On February 23, 1898, Emile Zola was convicted of libel in a Parisian court, in connection with his dramatic article, headlined “J’accuse,” that appeared the preceding January 13 in the daily paper L’Aurore.
“J’accuse” was the 4,000-word open letter to the president of France, written in defense of Alfred Dreyfus, the Jewish army captain who had been convicted in December 1894 of espionage on behalf of Germany, and sentenced to life imprisonment on a remote island in the South Atlantic.
The Dreyfus Affair – and Zola’s decision to become involved in it – was about more than the guilt or innocence of a single individual. Dreyfus had been framed, and even after that fact became clear to everyone involved, members of the senior military and political establishment persisted in a conspiracy to cover that up. In so doing, they were destroying the life of a fellow officer, whose only crime was being a Jew. But the affair also revealed and deepened a divide in France, in which “liberty, equality, and fraternity” – the values of the French Revolution – were pitted against nationalism, militarism and xenophobia, in particular a hatred of the country’s emancipated Jewish minority.
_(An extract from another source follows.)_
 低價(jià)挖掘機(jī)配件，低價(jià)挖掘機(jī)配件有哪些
1800 years of mindless persecution
Emile Zola (1840-1902) was not Jewish, and by his own description, had hardly been an admirer of the Jewish people for most of his life. But the prosecution of Dreyfus and the powerful and ugly wave of anti-Jewish sentiment it elicited shocked him.
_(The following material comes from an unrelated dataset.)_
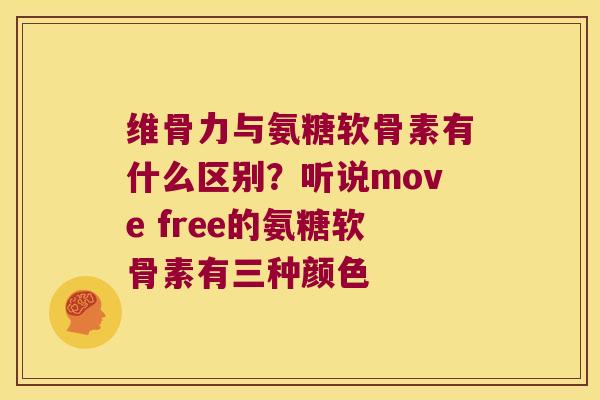 维骨力与氨糖软骨素有什么区别?听说move free的氨糖软骨素有三种颜色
In “A Plea for the Jews,” published in Le Figaro in May 1896, Zola examined the hatred felt by so many French for the Jews. He noted the stereotypes associated with them -- clannishness, craftiness, and an obsessive love for money – but argued that even if that description was accurate vis-à-vis many Jews, it was the result “of eighteen hundred years of our mindless persecution.” The Jews, he wrote, “have been beaten, insulted, and laden with injustice and violence [while their non-Jewish neighbors] have contemptuously abandoned the field of commerce to them and bestowed on them the label of usurers and traffickers” (translation by Jack Dixon).
By the time of ‘J’accuse,” Zola had already published some half-dozen articles or interviews responding directly or indirectly to the Dreyfus case. Now, however, he took on the case in detail – and did so with the goal of being prosecuted for libel, as he saw a trial as an opportunity to force the authorities to disclose the evidence they had refused to reveal during Dreyfus’ original court martial.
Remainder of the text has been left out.